The antisemitism that once hid behind a fig leaf of anti-Israel sentiment has largely shed this pretense. Antisemites are now comfortable being open about their hatred.

A visitor views a makeshift memorials outside the Tree of Life synagogue  in Pittsburgh, in 2018. (photo credit: ALAN FREED/REUTERS)
A visitor views a makeshift memorials outside the Tree of Life synagogue in Pittsburgh, in 2018.
(photo credit: ALAN FREED/REUTERS)
For several years, Christians United for Israel (CUFI) has been deeply concerned that antisemitism was hiding in plain sight in the US and Europe. We’ve worked to sound the alarm and advance policies in Washington that combat this abomination. But in recent months we have seen that those Westerners who hate Jews no longer feel the need to hide.
The antisemitism that once hid behind a fig leaf of anti-Israel sentiment has largely shed this pretense. Antisemites are now comfortable being open about their hatred. And they are acting on it in the most horrific and violent ways. They are no longer hiding. They are here and their mask has been discarded.
In just a few short years, antisemitism went from taboo to chic. On college campuses across the country hatred for both the Jewish state and the Jewish people is not simply accepted, it is often expected from those who seek to don the post-patriotic and post-religious cap and gown. Likewise, antisemites from the fringe Right and Left have found favor and followings across the West – from small communities to the halls of Congress.
This is the world that leaders meeting this week in Israel must confront. Likewise, as allies in the fight against antisemitism, we must acknowledge the problem and seek ways to solve it.
At its core, the spread of antisemitism is enabled by ignorance. A 2018 study found that while a majority of Americans “believe something like the Holocaust could happen again,” nearly a third of Americans and more than 40% of millennials “believe that substantially less than 6 million Jews were killed (two million or fewer) during the Holocaust,” and nearly half of millennials cannot name a single concentration camp.
The adage that “those who do not learn history are doomed to repeat it” is sadly being proven accurate.
It is with this in mind that several months ago CUFI set out to educate a new generation about the history and horrors of antisemitism. Today, we are announcing that we are in the end stages of producing a feature length documentary film, “Never Again?”
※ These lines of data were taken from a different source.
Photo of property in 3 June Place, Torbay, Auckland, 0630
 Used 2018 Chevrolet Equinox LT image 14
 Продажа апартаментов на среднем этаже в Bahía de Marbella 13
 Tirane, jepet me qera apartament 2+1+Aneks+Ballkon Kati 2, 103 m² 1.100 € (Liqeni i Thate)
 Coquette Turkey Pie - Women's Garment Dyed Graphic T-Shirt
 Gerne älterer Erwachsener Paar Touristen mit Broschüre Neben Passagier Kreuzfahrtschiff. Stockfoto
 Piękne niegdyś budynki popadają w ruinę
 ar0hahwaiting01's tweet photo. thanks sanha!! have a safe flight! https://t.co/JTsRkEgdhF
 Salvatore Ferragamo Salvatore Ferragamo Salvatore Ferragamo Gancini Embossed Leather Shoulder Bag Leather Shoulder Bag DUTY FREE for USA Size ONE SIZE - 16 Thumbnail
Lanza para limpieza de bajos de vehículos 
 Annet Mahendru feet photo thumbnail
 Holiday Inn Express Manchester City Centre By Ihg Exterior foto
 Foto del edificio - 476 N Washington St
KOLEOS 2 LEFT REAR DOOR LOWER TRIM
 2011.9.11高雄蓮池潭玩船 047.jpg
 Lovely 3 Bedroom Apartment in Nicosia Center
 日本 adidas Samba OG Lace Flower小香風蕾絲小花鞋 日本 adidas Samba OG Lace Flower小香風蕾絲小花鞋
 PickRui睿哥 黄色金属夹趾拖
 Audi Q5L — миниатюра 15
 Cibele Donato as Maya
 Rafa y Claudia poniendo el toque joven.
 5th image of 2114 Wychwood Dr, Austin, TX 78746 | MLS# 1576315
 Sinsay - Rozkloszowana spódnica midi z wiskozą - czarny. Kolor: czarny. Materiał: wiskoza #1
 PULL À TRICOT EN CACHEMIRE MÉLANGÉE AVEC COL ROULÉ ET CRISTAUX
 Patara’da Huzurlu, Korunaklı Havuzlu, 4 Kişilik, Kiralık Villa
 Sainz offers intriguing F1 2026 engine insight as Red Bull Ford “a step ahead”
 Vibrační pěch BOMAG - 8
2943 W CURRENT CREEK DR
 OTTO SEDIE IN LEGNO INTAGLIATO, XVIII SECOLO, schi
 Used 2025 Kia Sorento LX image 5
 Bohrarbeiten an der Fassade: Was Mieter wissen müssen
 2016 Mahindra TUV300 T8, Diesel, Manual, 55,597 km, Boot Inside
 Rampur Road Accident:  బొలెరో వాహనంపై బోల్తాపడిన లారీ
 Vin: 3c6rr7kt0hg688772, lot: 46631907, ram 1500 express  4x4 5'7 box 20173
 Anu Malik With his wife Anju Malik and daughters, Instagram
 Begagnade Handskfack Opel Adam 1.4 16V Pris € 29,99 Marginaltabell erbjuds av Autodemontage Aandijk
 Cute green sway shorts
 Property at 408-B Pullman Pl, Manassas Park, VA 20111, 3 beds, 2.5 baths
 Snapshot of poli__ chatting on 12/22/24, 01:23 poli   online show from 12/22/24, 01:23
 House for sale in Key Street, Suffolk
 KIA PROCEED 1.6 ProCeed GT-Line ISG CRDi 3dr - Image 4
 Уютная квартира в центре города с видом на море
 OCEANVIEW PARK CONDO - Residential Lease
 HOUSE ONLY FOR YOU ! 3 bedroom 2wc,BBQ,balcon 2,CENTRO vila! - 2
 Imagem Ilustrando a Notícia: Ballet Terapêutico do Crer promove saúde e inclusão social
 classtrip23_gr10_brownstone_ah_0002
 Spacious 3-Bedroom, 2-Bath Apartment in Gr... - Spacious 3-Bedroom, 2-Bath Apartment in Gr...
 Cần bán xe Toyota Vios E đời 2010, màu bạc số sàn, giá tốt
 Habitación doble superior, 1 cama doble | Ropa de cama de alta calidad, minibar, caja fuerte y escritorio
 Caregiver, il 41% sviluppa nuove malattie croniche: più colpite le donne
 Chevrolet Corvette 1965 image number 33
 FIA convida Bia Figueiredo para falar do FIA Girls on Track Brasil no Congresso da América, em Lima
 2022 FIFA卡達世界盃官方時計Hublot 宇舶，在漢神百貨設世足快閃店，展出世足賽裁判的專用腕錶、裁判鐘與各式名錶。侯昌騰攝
From Dr. Deborah Lipstat, to ambassador Michael Oren, to Rabbi Jonathan Sacks, this film gets to the heart of the issue and confronts the consequences of antisemitism. As a result, viewers, who will be guided on this journey by a Holocaust survivor and a former radical Islamist, will learn about the dark history of this scourge and come to understand why all of us, regardless of faith or political persuasion, have a holy and solemn responsibility to keep the promise of Never Again.
We must fight against the rising tide of antisemitism sweeping across the West. We must confront the antisemites, regardless of their stated rallying cry, wherever and whenever we find them. And above all, we must educate the next generation about the perils and horrific consequences of this hatred.
Pastor John Hagee is the founder and chairman of Christians United for Israel.